# Juicy 3 vs Juicy 5 vs Juicy 7



## dirtjumper202 (May 11, 2007)

So im debating on brakes which one to get, im sorta tight on money so would like to spend no more then 120 for a rear 160mm break. I ride tight dirt jumps with not much time to stop so the looking for quick stopping, also ride park/street so something to hold on the fufu's and abubaca's my Avid bb7 has given up before on me.

........any online places to buy from would be nice.


----------



## tibug (Dec 5, 2006)

Your BB7s have "given up before" on you? It what way? I mean, they lack the modulation that can only be achieved with hydros (the SD7 lever is a good substitute, however), but I don't believe that you didn't have enough power out of them. If I had the lever close enough to my bars, I could easily lock the rear wheel with a pinky. And I like my brakes really tight; on or off, I don't want much squish in between that. 

Your profile says that you have BB5s. BB5s are NO comparison to BB7s, 8 inch rotors or otherwise.
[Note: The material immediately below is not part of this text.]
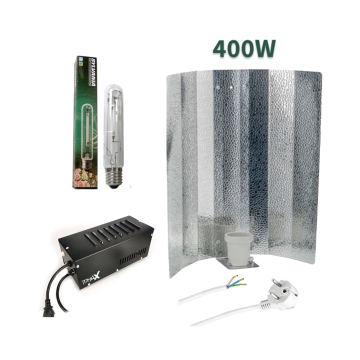  "LUX 400W"  kitul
BB5s compare to Hayes MX4s at most. 

You could get hydros, but it seems like you're looking for the same thing I look for in a brake-responsive and acute power easily obtained by a light squeeze on the lever=BB7s.

Tim


----------



## dirtjumper202 (May 11, 2007)

sorry i haven't been on the forum for a while i need to update things.

I have the bb7 with 165 rotor and have run the 180 i have too, i have done tire taps or abubaca's where the brake didn't hold well enough and simplely slipped. I know i could be the pads but its happened with new pads too......i run the brake so i don't need to pull much for it to grab, but there the problem of rub too.

Also i just want some hydro's since there no comparison to cable, also that cable ones are going on a bike thats up for sale so i need something new for this bike


----------



## DJskeet (Oct 19, 2007)

I had almost the same problem with not ebing able to lock up the break enough (07' bb7) but ya just gotta fiddle with them a lot. Turn the top little red knob all the way up, tightten the cable, and turn the side dials on the caiper until it is almost half a mm from rubbing.

Also what happended to me was the caliber was actualy crooked while the disk was strait, so every time I locked up the brake it basicaly warped my disck a little. Since then I got a smaller rotor and its a lot songer, also tried my best to straiten the caliber.

I fiddle with my brakes at least once a month to get them strait.


----------



## tibug (Dec 5, 2006)

DJskeet said:


> Also what happended to me was the caliber was actualy crooked while the disk was strait, so every time I locked up the brake it basicaly warped my disck a little. Since then I got a smaller rotor and its a lot songer, also tried my best to straiten the caliber.
> 
> I fiddle with my brakes at least once a month to get them strait.


You have to use the CPS (Caliper Positioning system). Avid recommends that the rotor be twice as far from the inboard side as it is from the outboard side. Then you have to lock the rotor by completely tightening the outboard adjuster so the rotor is immobilized. Then tighten the CPS bolts. Your caliper is now correctly aligned and you can mess around with pad adjustment to get optimal braking power.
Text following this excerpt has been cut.